WHAT YOU HAVE TO DO => When you reach the line with "G-Dragon 貓貓ZOA限定店🚨(至3月31日)🐾😻" in the data below, begin printing lines exactly, and stop once the line with "MythBusters Glue Trap Experiment Analysis" has been printed.

DATA FOR THIS EXERCISE =>
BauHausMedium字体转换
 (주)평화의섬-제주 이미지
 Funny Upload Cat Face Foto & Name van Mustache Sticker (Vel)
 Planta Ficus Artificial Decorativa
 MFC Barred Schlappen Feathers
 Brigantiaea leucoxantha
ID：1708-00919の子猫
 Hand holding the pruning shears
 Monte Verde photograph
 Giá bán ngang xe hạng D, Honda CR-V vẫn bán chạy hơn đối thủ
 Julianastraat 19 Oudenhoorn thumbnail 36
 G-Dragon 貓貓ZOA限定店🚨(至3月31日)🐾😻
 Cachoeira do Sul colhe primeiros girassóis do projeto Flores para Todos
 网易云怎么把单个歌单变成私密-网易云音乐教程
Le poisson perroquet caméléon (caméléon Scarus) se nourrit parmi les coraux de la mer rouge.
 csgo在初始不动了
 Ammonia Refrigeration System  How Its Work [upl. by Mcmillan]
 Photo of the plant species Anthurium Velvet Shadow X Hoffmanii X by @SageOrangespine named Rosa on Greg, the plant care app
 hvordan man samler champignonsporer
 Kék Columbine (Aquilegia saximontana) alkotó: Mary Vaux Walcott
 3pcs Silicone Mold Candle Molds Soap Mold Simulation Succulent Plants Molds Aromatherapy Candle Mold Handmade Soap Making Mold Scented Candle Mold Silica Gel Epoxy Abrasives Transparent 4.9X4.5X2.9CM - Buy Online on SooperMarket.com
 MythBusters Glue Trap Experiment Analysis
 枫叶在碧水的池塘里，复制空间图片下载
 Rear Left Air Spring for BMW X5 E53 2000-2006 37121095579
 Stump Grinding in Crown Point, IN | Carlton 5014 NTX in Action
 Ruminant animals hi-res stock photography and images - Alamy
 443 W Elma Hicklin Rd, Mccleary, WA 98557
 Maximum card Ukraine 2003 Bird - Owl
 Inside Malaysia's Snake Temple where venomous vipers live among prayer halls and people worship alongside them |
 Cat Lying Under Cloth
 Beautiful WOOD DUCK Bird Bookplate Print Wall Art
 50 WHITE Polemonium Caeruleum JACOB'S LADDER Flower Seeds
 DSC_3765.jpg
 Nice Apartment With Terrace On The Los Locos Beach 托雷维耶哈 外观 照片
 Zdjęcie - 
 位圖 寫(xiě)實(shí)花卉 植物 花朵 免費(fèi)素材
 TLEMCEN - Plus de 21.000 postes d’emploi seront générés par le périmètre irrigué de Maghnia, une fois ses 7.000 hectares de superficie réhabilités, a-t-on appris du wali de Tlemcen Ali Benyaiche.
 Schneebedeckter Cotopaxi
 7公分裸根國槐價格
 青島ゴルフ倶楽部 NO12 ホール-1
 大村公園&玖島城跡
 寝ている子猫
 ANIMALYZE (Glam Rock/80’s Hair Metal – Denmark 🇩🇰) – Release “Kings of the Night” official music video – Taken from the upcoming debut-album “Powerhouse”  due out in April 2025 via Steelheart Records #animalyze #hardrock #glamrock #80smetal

RESPONSE FOR THIS EXERCISE =>
 G-Dragon 貓貓ZOA限定店🚨(至3月31日)🐾😻
 Cachoeira do Sul colhe primeiros girassóis do projeto Flores para Todos
 网易云怎么把单个歌单变成私密-网易云音乐教程
Le poisson perroquet caméléon (caméléon Scarus) se nourrit parmi les coraux de la mer rouge.
 csgo在初始不动了
 Ammonia Refrigeration System  How Its Work [upl. by Mcmillan]
 Photo of the plant species Anthurium Velvet Shadow X Hoffmanii X by @SageOrangespine named Rosa on Greg, the plant care app
 hvordan man samler champignonsporer
 Kék Columbine (Aquilegia saximontana) alkotó: Mary Vaux Walcott
 3pcs Silicone Mold Candle Molds Soap Mold Simulation Succulent Plants Molds Aromatherapy Candle Mold Handmade Soap Making Mold Scented Candle Mold Silica Gel Epoxy Abrasives Transparent 4.9X4.5X2.9CM - Buy Online on SooperMarket.com
 MythBusters Glue Trap Experiment Analysis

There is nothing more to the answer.